The Rwandan government says French investigators have found that assistants of President Paul Kagame were not involved in the killing of the president that he replaced. A government statement says the French found that the missile that brought down the airplane carrying President Juvenal Habyarimana came from a military center. The statement says the military center was controlled by ethnic Hutu extremists and not by followers of Mr. Kagame. There was no confirmation from French judges or other officials. The killing of Mr. Habyarimana in April, nineteen ninety-four is considered the event that led to the Rwandan genocide.
Nigerian police stood guard Tuesday as tens of thousands of people protested increased fuel costs for a second day. The demonstrations interfered with business in major cities, including the business capital, Lagos.

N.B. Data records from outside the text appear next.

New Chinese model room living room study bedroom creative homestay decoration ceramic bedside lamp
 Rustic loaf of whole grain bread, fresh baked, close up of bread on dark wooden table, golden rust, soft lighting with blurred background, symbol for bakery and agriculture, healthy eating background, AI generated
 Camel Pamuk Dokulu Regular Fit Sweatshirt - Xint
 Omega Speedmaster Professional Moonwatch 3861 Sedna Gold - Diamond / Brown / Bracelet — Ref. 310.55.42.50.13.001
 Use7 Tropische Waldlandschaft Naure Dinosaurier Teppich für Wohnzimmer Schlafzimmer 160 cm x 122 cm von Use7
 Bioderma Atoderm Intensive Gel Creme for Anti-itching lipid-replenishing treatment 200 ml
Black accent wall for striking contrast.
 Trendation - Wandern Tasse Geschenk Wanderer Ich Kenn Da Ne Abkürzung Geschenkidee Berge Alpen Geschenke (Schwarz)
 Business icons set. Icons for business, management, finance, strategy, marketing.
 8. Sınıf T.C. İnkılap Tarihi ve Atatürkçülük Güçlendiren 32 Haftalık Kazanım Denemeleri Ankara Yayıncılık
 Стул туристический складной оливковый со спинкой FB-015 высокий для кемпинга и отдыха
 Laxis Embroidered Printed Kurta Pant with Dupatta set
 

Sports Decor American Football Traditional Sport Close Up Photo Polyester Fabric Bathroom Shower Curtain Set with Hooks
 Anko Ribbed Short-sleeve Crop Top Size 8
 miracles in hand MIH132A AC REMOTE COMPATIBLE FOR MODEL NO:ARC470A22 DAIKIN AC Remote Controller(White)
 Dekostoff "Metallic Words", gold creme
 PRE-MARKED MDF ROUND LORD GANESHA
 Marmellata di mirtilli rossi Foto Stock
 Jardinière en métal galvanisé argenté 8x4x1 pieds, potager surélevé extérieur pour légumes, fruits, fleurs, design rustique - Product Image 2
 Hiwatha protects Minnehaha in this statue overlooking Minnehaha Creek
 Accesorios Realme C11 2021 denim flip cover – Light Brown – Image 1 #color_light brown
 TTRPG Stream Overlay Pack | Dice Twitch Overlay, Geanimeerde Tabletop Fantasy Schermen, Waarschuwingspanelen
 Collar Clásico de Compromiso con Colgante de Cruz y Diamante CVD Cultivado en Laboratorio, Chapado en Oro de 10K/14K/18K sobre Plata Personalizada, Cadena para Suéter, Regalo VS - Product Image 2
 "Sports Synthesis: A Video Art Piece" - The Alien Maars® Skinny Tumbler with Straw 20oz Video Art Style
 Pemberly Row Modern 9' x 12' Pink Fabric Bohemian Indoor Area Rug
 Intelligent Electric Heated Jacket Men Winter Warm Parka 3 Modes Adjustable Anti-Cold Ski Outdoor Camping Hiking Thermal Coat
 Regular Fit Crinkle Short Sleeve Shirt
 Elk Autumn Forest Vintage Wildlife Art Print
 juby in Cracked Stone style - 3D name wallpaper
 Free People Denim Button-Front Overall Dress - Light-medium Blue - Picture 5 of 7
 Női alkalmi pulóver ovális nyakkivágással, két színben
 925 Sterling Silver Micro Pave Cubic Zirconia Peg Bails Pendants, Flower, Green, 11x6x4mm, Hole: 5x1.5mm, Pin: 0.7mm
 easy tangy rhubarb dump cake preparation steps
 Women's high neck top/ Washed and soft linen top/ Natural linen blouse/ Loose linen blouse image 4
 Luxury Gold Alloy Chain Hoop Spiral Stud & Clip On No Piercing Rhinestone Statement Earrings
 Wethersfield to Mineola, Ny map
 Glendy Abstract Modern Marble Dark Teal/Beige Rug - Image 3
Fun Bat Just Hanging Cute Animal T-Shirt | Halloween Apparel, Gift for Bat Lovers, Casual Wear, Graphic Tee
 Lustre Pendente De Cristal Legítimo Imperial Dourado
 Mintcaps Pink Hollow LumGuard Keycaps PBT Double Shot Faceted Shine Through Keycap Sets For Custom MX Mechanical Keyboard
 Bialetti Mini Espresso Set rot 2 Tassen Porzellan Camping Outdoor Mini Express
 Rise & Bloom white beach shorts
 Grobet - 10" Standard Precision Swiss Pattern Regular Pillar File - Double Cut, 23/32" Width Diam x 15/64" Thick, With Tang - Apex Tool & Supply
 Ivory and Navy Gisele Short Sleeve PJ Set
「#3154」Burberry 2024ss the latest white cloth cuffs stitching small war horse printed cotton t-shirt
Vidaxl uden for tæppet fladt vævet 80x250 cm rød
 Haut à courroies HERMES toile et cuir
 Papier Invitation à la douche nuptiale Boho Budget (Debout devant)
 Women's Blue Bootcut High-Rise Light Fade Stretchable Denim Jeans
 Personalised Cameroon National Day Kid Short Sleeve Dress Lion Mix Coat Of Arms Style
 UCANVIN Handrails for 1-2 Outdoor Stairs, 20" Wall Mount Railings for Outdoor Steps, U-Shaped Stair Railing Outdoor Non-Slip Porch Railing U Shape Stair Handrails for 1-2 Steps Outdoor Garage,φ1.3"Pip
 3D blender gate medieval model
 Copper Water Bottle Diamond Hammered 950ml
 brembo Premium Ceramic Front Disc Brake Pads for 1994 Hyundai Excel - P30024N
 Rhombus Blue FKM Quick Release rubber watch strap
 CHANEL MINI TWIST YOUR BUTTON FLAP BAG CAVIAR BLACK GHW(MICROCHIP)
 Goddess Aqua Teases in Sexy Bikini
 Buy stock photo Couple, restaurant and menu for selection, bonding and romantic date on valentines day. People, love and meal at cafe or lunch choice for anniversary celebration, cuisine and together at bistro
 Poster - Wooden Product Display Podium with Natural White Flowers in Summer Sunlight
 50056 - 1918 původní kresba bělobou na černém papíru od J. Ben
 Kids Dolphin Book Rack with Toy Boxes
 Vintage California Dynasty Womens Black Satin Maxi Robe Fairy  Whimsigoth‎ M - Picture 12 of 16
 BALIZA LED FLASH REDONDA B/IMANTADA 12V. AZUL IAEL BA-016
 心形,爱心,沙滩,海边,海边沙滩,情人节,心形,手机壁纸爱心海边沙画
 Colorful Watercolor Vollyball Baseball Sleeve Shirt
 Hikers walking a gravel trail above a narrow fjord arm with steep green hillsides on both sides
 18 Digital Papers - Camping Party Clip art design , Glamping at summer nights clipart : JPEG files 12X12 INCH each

Thousands of people also demonstrated in Abuja. The crowds were so large that police brought in additional officers to help keep order. The strike is aimed at forcing the government to restart its support for the fuel industry. The popular system of support payments for fuel was canceled on January first. The move caused fuel prices to double in a single day.
In Hong Kong, some people are concerned that thousands of women from mainland China are secretly entering the territory to give birth there. Health secretary York Chow says the number of such births has grown from a few hundred in two thousand five to about forty thousand in twenty ten. About half the babies born in Hong Kong last year were born to mothers from across the border. Hong Kong University law professor Benny Tai says people worry that this birth rate of mainland Chinese will change the culture of Hong Kong society. Hong Kong immigration officials refused entry to more than three thousand pregnant women last year. Some women walk across the border and others pay for illegal transport into the territory.
President Obama is planning to create a committee that will watch for trade and business violations in China. The United States has criticized a speech by Syrian President Bashar al-Assad that blamed the rebellion in his country on foreign interference. And, Burmese opposition leader Aung San Suu Kyi says she will run for Parliament in April.
That's the news in VOA Special English coming to you from Washington.